Investors spent 2017 monitoring activity in the US, political rhetoric and disruption, economic turmoil in the UK, North Korean activity and the impact of a range of natural disasters. So what should they consider in 2018?
Here are our top 5 themes.
- Synchronised global economic growth
Not since 2010 have we seen coordinated economic growth occurring across most regions and countries. According to the Organisation for Economic Cooperation and Development (OECD), the global economy is now growing at its fastest pace since 2010. The OECD projects that the global economy will grow by 3.6% this year and by 3.7% in 2018, before easing back to 3.6% growth in 2019.

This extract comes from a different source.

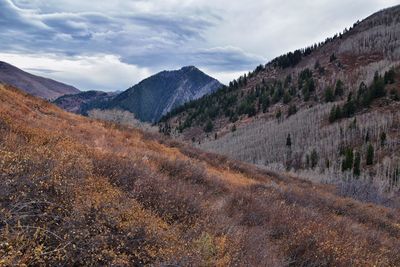 Slate canyon hiking fall leaves mountains, y trail, provo peak, slide canyon, wasatch, utah, usa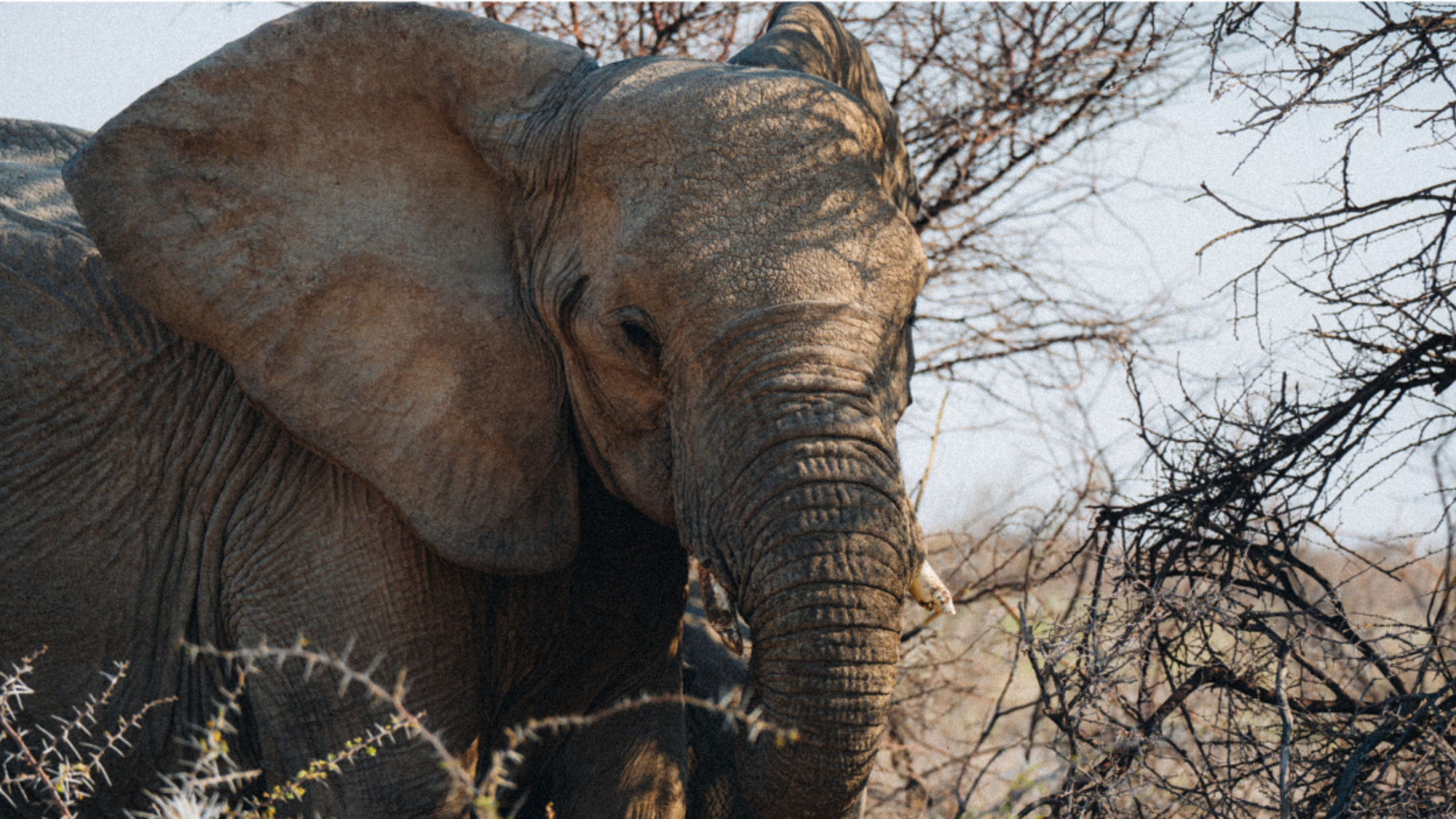 A la rencontre des animaux de la savane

The OECD expects the United States economy to grow at 2.2% in 2017, rising to 2.5% in 2018, then dropping back to 2.1% in 2019. The Eurozone is projected to grow at a 2.4% rate in 2017 and a 2.1% pace in 2018, before slowing to a 1.9% pace in 2019. Growth in China is projected at 6.8% in 2017, 6.6% in 2018, and 6.4% in 2019, as China rebalances its economy to a more domestic focused services-led growth model.
Japan has sealed its longest stretch of economic growth in 23 years, but that might be as good as it gets for a while, according to the OECD: it forecasts 1.5% growth for the Japanese economy for 2017, with growth lapsing back toward 1% in 2018 and 2019 as the decline in the working-age population accelerates.
The OECD also expects the emerging markets to help drive global growth. In particular, it believes India will show 6.7% growth this year, before accelerating to 7% in 2018 and 7.4% in 2019, on the back of reforms that are expected to boost investment, productivity and growth. Russia is well and truly out of recession, with the OECD seeing 1.9% growth in 2017 and 2018, and 1.5% in 2019. The politically troubled Brazil is also expected to exit recession, with a 0.7% growth rate in 2017, before solid improvement to 1.9% in 2018 and 2.3% in 2019. This level of economic growth should support strong growth in company earnings, and underpin improving global trade and commodity prices.
- Chinese growth is still strong
China’s economy surged in 2017, supported by government economic initiatives. With huge infrastructure spending expected to continue, China’s economy is expected to keep humming along – although at a slightly lower rate, as per the OECD forecasts above.
- Quantitative tightening is here
World markets had plenty of warning earlier this year that “quantitative tightening” – the unwinding of “quantitative easing” – was on the way. With the Federal Reserve firmly in quantitative easing mode, the European Central Bank beginning to follow – but with the Bank of Japan lagging, and the Reserve Bank of Australia unlikely to consider raising interest rates until later in 2018 – the world is likely to have a year of monetary policy divergence. Inflation should make a comeback in the US, but spare capacity in the Eurozone and Japan will mean this will not be uniform. In any case, even with quantitative tightening having begun, there is still an estimated US$18 trillion ($23.7 trillion) in the system, so share prices are not likely to come under undue pressure in 2018: if anything, asset prices should remain strong in 2018.
- In the long run, politics does not drive markets
Virtually anywhere an investor looks around the globe, politics is front page news, mostly for the wrong reasons. Washington is stuck in a theme of extreme partisanship; Germany doesn’t have a formal government at present, and may have to re-run its election; “Remainers” in the British parliament seem to be working with Brussels to circumvent the British electorate’s expressed desire to leave the European Union; Australia’s political conversation daily plumbs new depths of inanity relevant only to its participants; and everywhere, populist fringe parties seem to be the only ones profiting from a free-falling trust in politicians. On the geo-political front, North Korea’s regime is increasingly erratic and bellicose; the Middle East is as restive as ever; religious extremists increasingly affect the way modern societies live; and political crises continue to hold back African economic development. But to share markets, none of this matters, as long as company earnings can rise on the back of real economic growth.
- Amazon unlikely to kill Australian retail
Amazon’s impending – now actual – arrival in Australia has weighed heavily on the retail sector in 2017, having a definite impact on some companies’ (and retail landlords’) share prices. Amazon will definitely cut into the revenue and earnings of some Australian players, but it won’t blow the whole sector away. The advent of Amazon will be a good thing if it urges retailers to invest in ways to drive efficiencies, improve customer experience and lower prices.
Managing these themes and any ‘unknown’ market events that may arise in 2018 will come down to having a clear and up-to-date investment strategy, with carefully researched diversified investments, that are constantly monitored and reviewed.